Look through the listing below and write out exactly the lines from the line with "Welcome to this" to the line with "So like that", both included, and no others.

RECORDS FOR THIS TASK:
☆ ☆ ☆ ☆ ☆ ☆ ☆
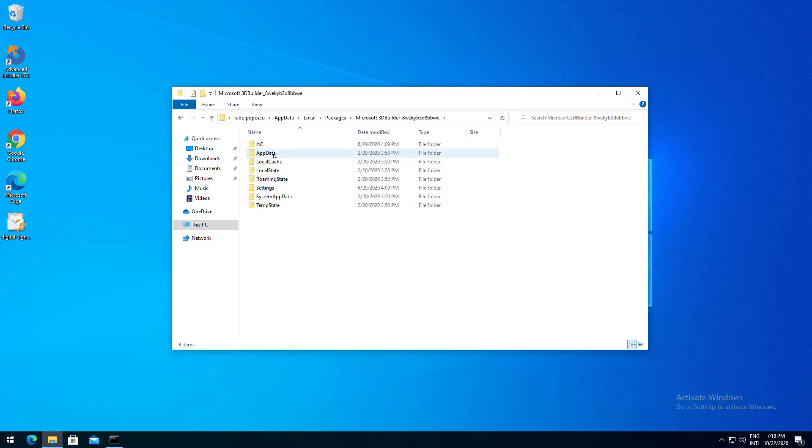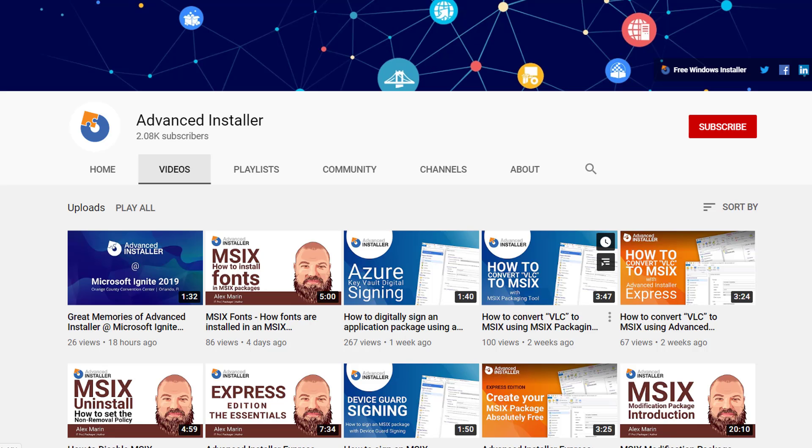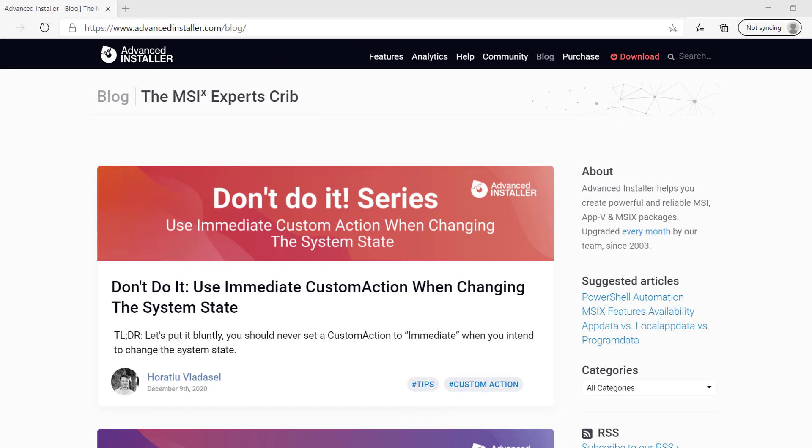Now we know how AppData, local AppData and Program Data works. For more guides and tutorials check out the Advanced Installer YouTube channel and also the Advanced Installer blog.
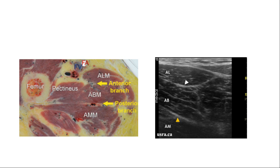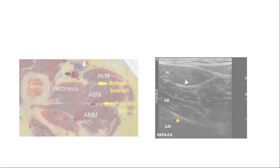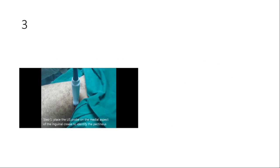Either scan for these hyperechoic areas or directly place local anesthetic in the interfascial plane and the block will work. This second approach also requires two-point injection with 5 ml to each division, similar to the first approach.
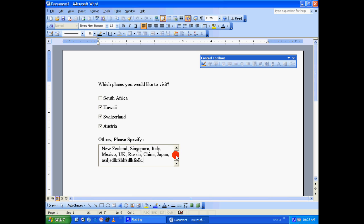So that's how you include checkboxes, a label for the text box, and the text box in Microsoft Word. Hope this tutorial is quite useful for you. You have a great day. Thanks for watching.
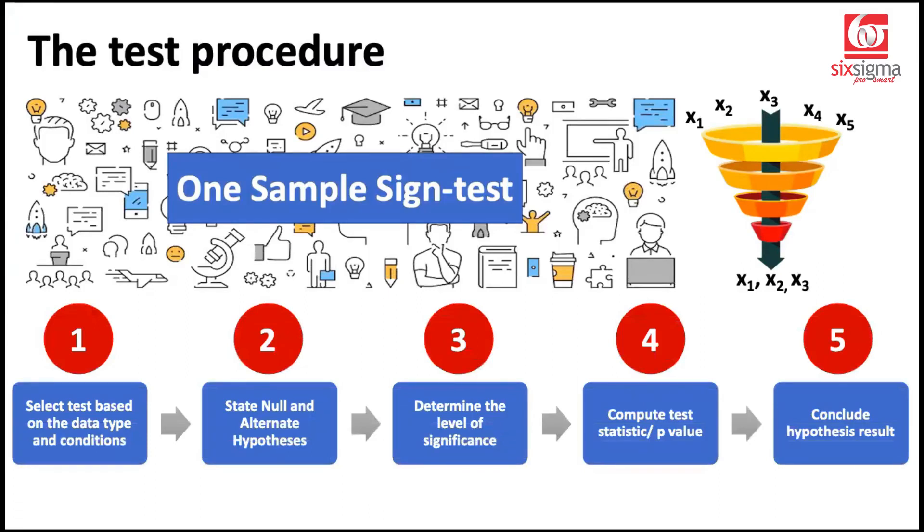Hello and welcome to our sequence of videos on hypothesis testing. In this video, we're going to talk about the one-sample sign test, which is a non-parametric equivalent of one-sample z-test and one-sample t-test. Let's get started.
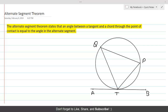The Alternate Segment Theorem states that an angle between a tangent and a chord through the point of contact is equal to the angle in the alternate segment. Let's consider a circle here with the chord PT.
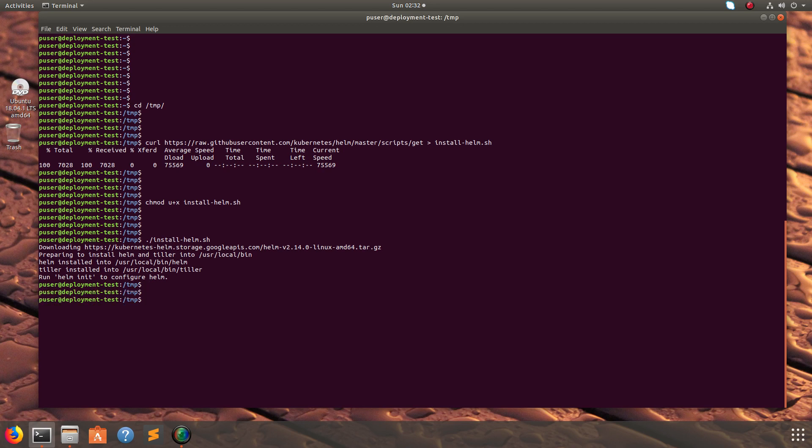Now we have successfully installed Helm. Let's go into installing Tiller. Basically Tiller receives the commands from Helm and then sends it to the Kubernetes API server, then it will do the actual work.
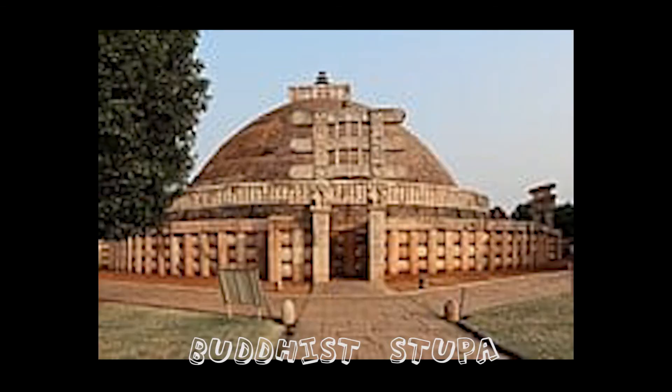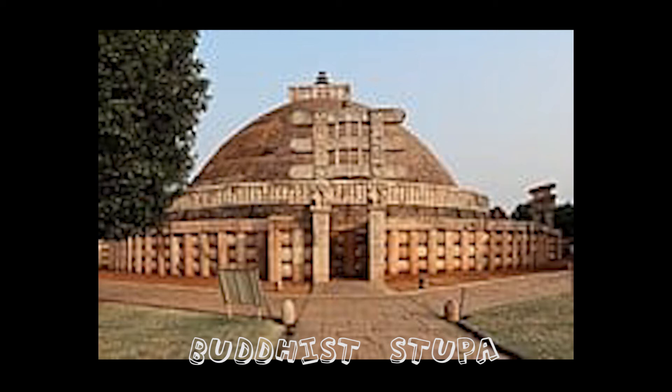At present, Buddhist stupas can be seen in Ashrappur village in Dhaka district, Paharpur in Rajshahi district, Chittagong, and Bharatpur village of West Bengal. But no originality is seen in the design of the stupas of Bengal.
☆ ☆ ☆ ☆ ☆ ☆ ☆
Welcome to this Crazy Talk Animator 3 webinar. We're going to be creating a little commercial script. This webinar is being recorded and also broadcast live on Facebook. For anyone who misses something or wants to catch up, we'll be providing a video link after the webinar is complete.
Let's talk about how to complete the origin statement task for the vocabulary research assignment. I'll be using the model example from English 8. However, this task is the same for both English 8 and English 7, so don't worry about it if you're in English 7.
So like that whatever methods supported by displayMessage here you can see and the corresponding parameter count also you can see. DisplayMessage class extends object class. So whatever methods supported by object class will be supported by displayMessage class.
☆ ☆ ☆ ☆ ☆ ☆ ☆
WRITTEN SOLUTION:
Welcome to this Crazy Talk Animator 3 webinar. We're going to be creating a little commercial script. This webinar is being recorded and also broadcast live on Facebook. For anyone who misses something or wants to catch up, we'll be providing a video link after the webinar is complete.
Let's talk about how to complete the origin statement task for the vocabulary research assignment. I'll be using the model example from English 8. However, this task is the same for both English 8 and English 7, so don't worry about it if you're in English 7.
So like that whatever methods supported by displayMessage here you can see and the corresponding parameter count also you can see. DisplayMessage class extends object class. So whatever methods supported by object class will be supported by displayMessage class.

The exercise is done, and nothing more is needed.